Ceres nunca se agachaba para recoger ninguna limosna. Prefería morir de hambre que aceptar donaciones de personas como aquellas.

Observó cómo un hombre joven conseguía coger la moneda y un hombre más mayor lo tiraba al suelo y le colocaba una mano firme contra el cuello. Con la otra mano, el hombre más mayor hizo caer la moneda de la mano del hombre joven.

Las adolescentes reían y los señalaron con el dedo antes de que su carruaje continuara serpenteando entre las masas.

A Ceres se le contraían las entrañas por la indignación.

“En un futuro próximo, la desigualdad desaparecerá para siempre”, dijo Rexo. “Yo me encargaré de ello”.

Cuando lo escuchaba hablar, Ceres sacaba pecho. Un día lucharía lado a lado con él y sus hermanos en la rebelión.

A medida que se acercaban al Stade las calles se ensanchaban y Ceres sintió que podía respirar hondo. Corría el aire. Sentía que se iba a romper por la emoción.

Atravesó una de las docenas de entradas arqueadas y alzó la vista.

Miles y miles de plebeyos pululaban dentro del magnífico Stade. La estructura oval se había derrumbado en la parte superior al norte y la mayoría de tendales rojos estaban rasgados y protegían poco del sol abrasador. Bestias salvajes rugían desde detrás de puertas de hierro y trampillas y ella vio a los combatientes preparados detrás de las puertas.

Ceres miraba boquiabierta, quedándose asombrada ante todo aquello.

Antes de que pudiera darse cuenta, Ceres miró hacia arriba y se dio cuenta de que se había quedado atrás respecto a Rexo y sus hermanos. Fue corriendo hacia delante para alcanzarlos pero, tan pronto como lo hizo, cuatro hombres corpulentos la habían rodeado. Ella sentía el olor a alcohol y pescado podrido y su olor corporal mientras se iban acercando, mirándola con la boca abierta, llena de dientes podridos y con sus horribles sonrisas.

“Tú vienes con nosotros, chica guapa”, dijo uno de ellos mientras todos se acercaban estratégicamente a ella.

El corazón de Ceres se aceleró. Ella miró al frente en busca de los demás, pero ya se habían perdido entre la multitud cada vez más espesa.

Ella se encaró a los hombres, intentando mostrar su cara más valiente.

“Soltadme o…”

Ellos se echaron a reír.

“¿O qué?” dijo uno con burla. “¿Una chiquilla como tú podrá con nosotros cuatro?”

“Podríamos llevarte de aquí dando patadas y gritando y ni un alma diría ni pío”, añadió otro.

Y era cierto. De reojo, Ceres veía que la gente pasaba por allí corriendo, fingiendo que no se daban cuenta de cómo la estaban amenazando aquellos hombres.

De repente, el rostro del líder se volvió serio y con un movimiento rápido, la agarró por los brazos y se la acercó. Sabía que podían llevársela de allí y que nadie la volvería a ver nunca, y aquel pensamiento la aterrorizaba más que cualquier otra cosa.

Intentando ignorar su corazón latiente, Ceres se dio la vuelta, soltándose de su fuerte agarre. Los otros hombres se reían a carcajadas, pero cuando ella golpeó la nariz del líder con la palma de la mano, echando su cabeza hacia atrás, se quedaron en silencio.

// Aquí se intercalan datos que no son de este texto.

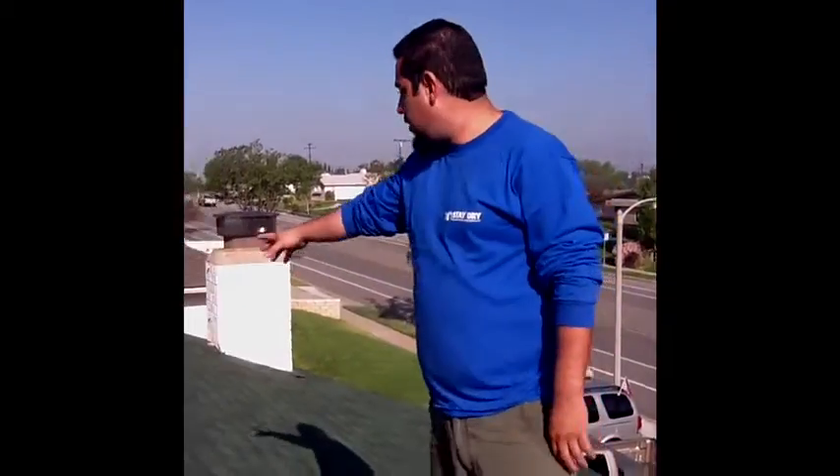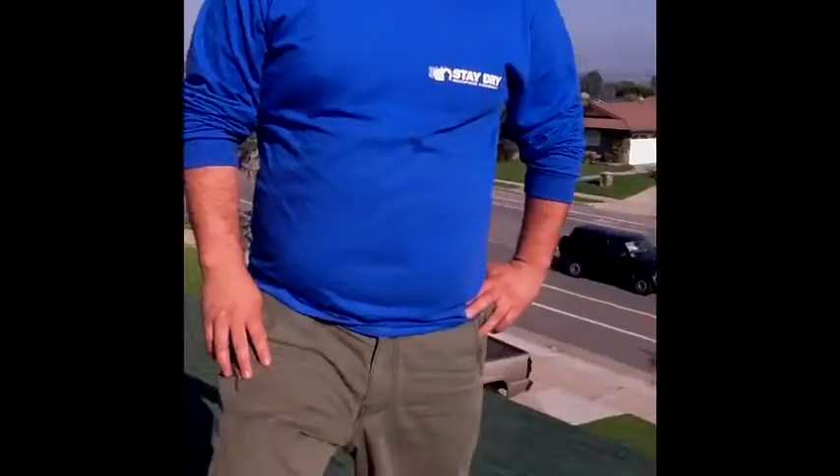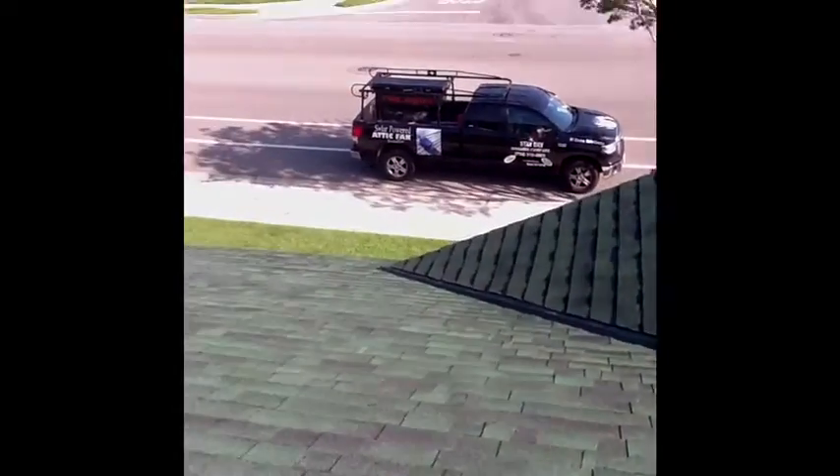Good morning. It's Javier Garcia with StageRoe Roofing. Let me show you the roof we did. We did a 30-year shingle roof with a four-screen. This is what your four-screen roof would look like.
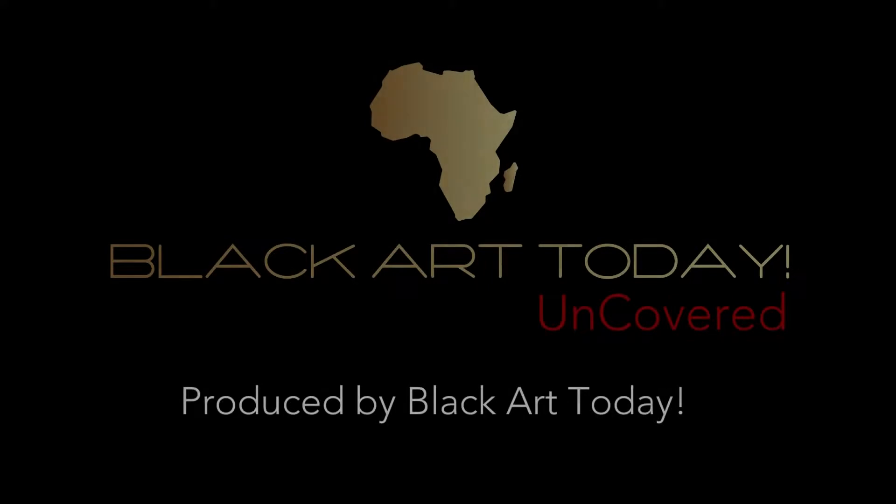Welcome to Black Art Today's video series, Uncovered. Uncovered is Black Art Today's intimate conversations with artists of African descent that represent African culture in the genres of literature, visual arts, and the performing arts. In today's episode, Black Art Today interviews historical romance author Camille Robinson.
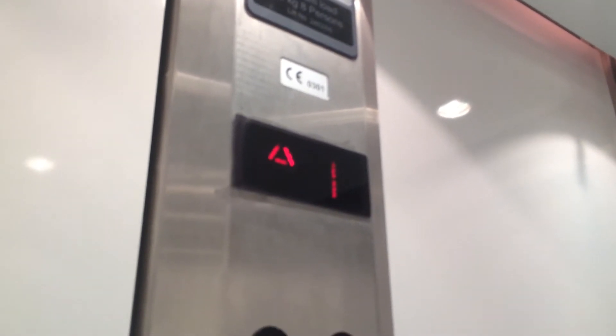Level one. Here we are at level one. Doors opening. Classic level. Let's go back down to zero.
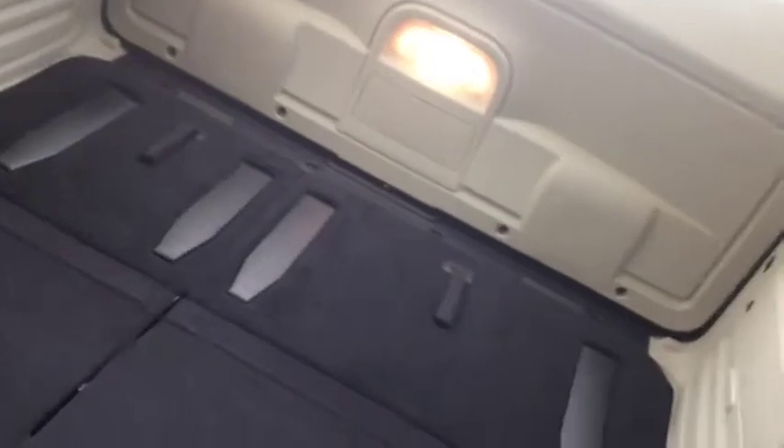Rear interior features of this vehicle are 2nd row cloth bench seat and 3rd row stow and go.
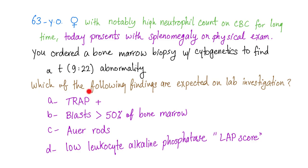Question: which of the following findings are expected in a lab investigation? A: TRAP positive. B: Blasts greater than 50% of the bone marrow. C: Auer rods. Or D: Low leukocyte alkaline phosphatase, or LAP score.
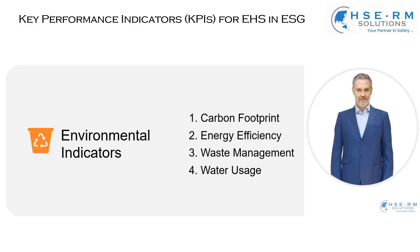Environmental, health, and safety initiatives within the broader framework of environmental, social, and governance — focusing specifically on environmental indicators. These indicators are not just metrics; they are vital signs of our planet's health and our responsibility towards it.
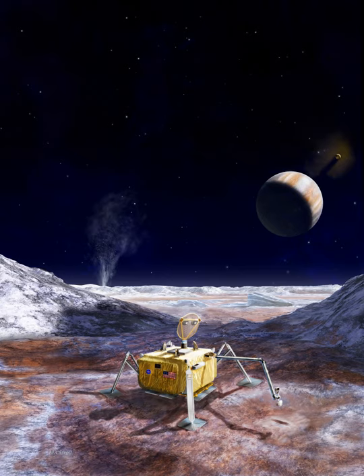Europa Lander is a proposed astrobiology mission concept by NASA to Europa, a moon of Jupiter. If selected and developed, it would be launched separately in 2024 to complement the studies by the Europa Clipper Orbiter mission. The objectives of the mission would be searching for biosignatures at the subsurface, characterizing the composition of non-ice near subsurface material, and determining the proximity of liquid water and recently erupted material near the lander's location.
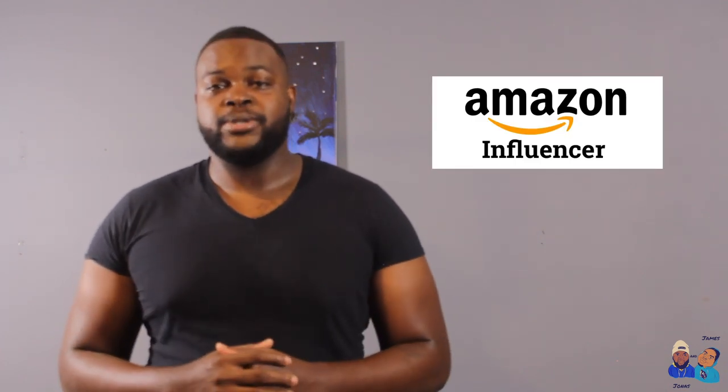Hey, what's going on everybody, it's Jonas from James and Jonas. Have you ever asked yourself what kind of camera we use to shoot a video, what we use to record our podcast, or what we have in general? We are Amazon influencers, so what that means is we have our own Amazon influencer page that shows all of that, whether it's something we recommended or something we've already used.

El líder se puso sus sucias manos sobre la nariz y gruñó.

Ella no se rindió. Sabiendo que tenía una oportunidad, le dio una patada en el estómago, recordando sus días de pelea y él se colapsó con el impacto.

Sin embargo, los otros tres estuvieron de inmediato encima de ella, agarrándola y tirando de ella con sus fuertes manos.

De repente, cedieron. Ceres echó un vistazo y vio con alivio que Rexo aparecía y daba un puñetazo a uno en la cara, dejándolo fuera de combate.

Entonces apareció Nesos, agarró a otro y le dio un rodillazo en la barriga, mandándolo al suelo y dejándolo tirado en la tierra roja.

El cuarto hombre fue a por Ceres pero, justo cuando estaba a punto de atacar, ella se agachó, dio la vuelta y le dio una patada por detrás y lo mandó volando de cabeza a una columna.

Se quedó de pie, respirando profundamente, asimilando todo aquello.

Rexo le puso una mano en el hombro a Ceres. “¿Estás bien?”

El corazón de Ceres todavía iba como loco, pero lentamente un sentimiento de orgullo substituyó al de miedo. Había hecho bien.

Ella asintió y Rexo le pasó un brazo por los hombros mientras seguían caminando, sus labios carnosos dibujaron una sonrisa.

“¿Qué?” preguntó Ceres.

“Cuando vi lo que estaba sucediendo, me entraron ganas de clavarles la espada a cada uno de ellos. Pero entonces vi cómo te defendías tú sola”. Negó con la cabeza mientras soltaba una risa. “No se lo esperaban”.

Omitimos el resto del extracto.